Pre-curated audience targets
The pre-curated audience targets include Smart Audiences, which are specially chosen segments based on behaviour, lifestyle and life stage, rather than just demographics or geography.
One example is “Luxe Maven”, which refers to people interested in high fashion and jewellery, and who enjoy a luxurious lifestyle. Another is “Sports Fan”, summarised as a well-informed and emotionally invested supporter who actively follows live games and related news, and also buys merchandise or subscribes to sports media.
Importantly, these audience definitions have been harmonised across all RTL AdAlliance partners, so a Luxe Maven found via RTL inventory in Germany will have the same characteristics as a Luxe Maven found via Viaplay inventory in the Nordics.
The determination on which households fit within different Smart Audiences is based on a GDPR-compliant understanding of their consumption habits across video and other media.

“You can buy the same target segment, regardless of the content, in the same way you can with big tech platforms,” Haman says.
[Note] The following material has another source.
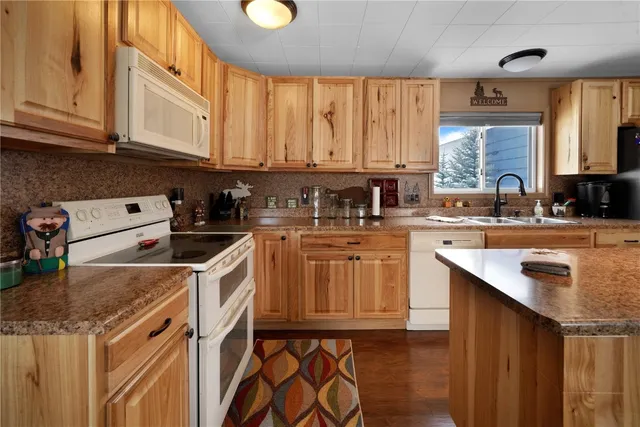 a kitchen that has a sink and a stove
Targeting is possible on linear broadcast TV (as well as streaming). Depending on the country, addressable ad formats include tune-in, where an addressable ad is served when an in-target viewer changes channel, and L-Shape, where brand messages are wrapped around a slightly reduced video frame.
Using AdManager, viewers can be retargeted based on whether they saw or did not see an ad campaign, or based on whether they watched certain programming (for example, Formula 1).
RTL AdAlliance also offers custom targeting capabilities via the sales team that are not currently available via AdManager, like helping a car maker find families who are in market for an SUV.
Haman suggests that the targeting options within AdManager may well expand over time, but for now the focus is on the pre-curated segments.
Agencies looking for efficiencies
Discussing AdManager and its impact generally, she says: “There is strong interest from agencies who are looking for efficiencies and want to be faster on their feet when launching a multi-market campaign.
“They know we are simplifying and harmonising access to the relevant target groups in different countries. International brands looking to advertise in different markets have been keen to know more too.”
The entire buying process with AdManager is automated using an integration with the SmartX ad server from Smartclip (the adtech business that is part of RTL). The platform was also developed with DanAds, which provides customisable and scalable self-serve adtech infrastructure.
Returning to the core proposition of AdManager, Haman concludes: “We do need to simplify television as a media buy and our role is to make it easier to access.”